┌──

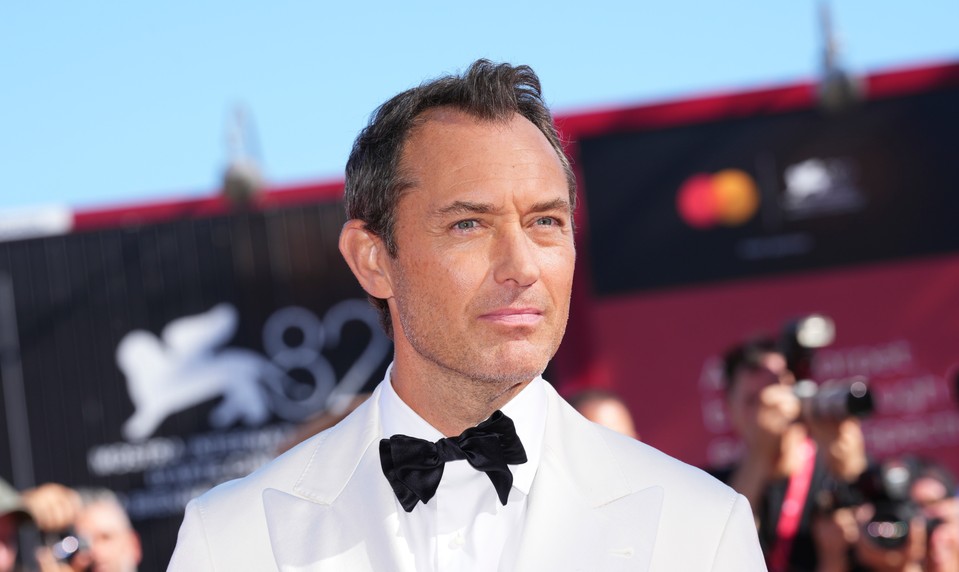 Jude Law ako Vladimir Putin. O tomto filme sa bude ešte dlho diskutovať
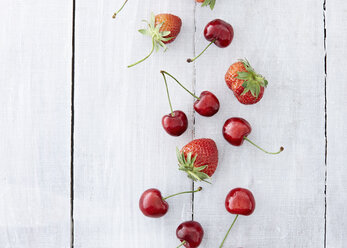 Kirschen und Erdbeeren auf Holztisch, Nahaufnahme - KSW001118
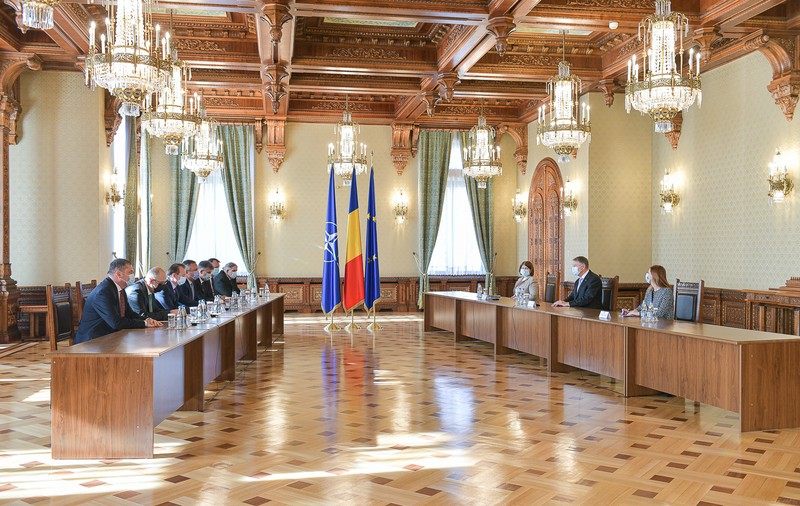 Iohannis, către delegațiile PNL, PSD, UDMR, la consultările de la Cotroceni: „E bine că am ajuns în faza asta”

└──

▶ **Work to be completed**
What you return should be the exact lines from the one containing "Kirschen und Erdbeeren" through the end of the listing above, both included, minus any pictures.

▶ **Answer space**
 Kirschen und Erdbeeren auf Holztisch, Nahaufnahme - KSW001118
 Iohannis, către delegațiile PNL, PSD, UDMR, la consultările de la Cotroceni: „E bine că am ajuns în faza asta”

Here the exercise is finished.